Segment Start: Given information

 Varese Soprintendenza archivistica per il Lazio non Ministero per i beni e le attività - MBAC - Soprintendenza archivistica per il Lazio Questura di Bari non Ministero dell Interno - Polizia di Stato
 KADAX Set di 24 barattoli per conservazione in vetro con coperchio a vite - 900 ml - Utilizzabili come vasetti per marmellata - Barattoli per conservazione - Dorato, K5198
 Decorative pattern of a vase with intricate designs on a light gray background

Segment End: Given information
Segment Start: Given information

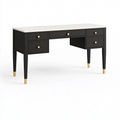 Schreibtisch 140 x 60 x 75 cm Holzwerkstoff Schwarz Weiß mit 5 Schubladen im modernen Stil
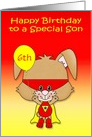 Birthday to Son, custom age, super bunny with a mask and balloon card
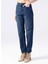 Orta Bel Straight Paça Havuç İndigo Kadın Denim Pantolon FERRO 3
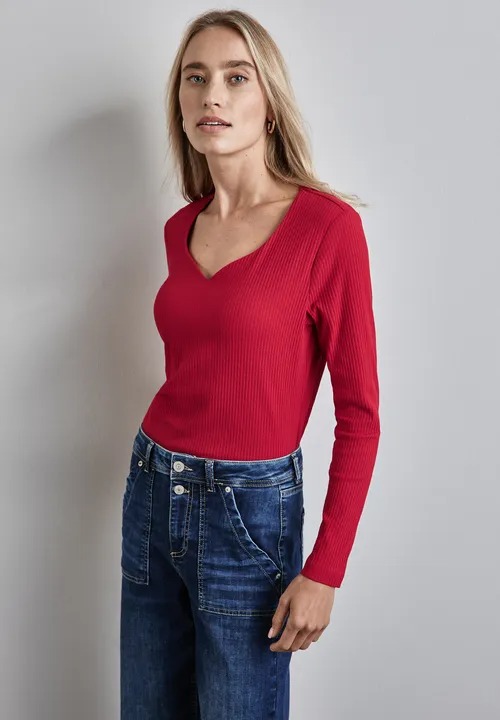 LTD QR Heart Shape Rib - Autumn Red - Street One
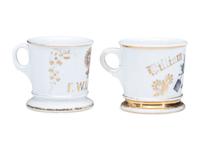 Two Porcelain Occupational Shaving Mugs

Segment End: Given information

From the records above, copy exactly the stretch from the line holding "Schreibtisch 140 x" through the line holding "Two Porcelain Occupational Shaving Mugs", both ends included, without the pictures.

 Schreibtisch 140 x 60 x 75 cm Holzwerkstoff Schwarz Weiß mit 5 Schubladen im modernen Stil
 Birthday to Son, custom age, super bunny with a mask and balloon card
 Orta Bel Straight Paça Havuç İndigo Kadın Denim Pantolon FERRO 3
 LTD QR Heart Shape Rib - Autumn Red - Street One
 Two Porcelain Occupational Shaving Mugs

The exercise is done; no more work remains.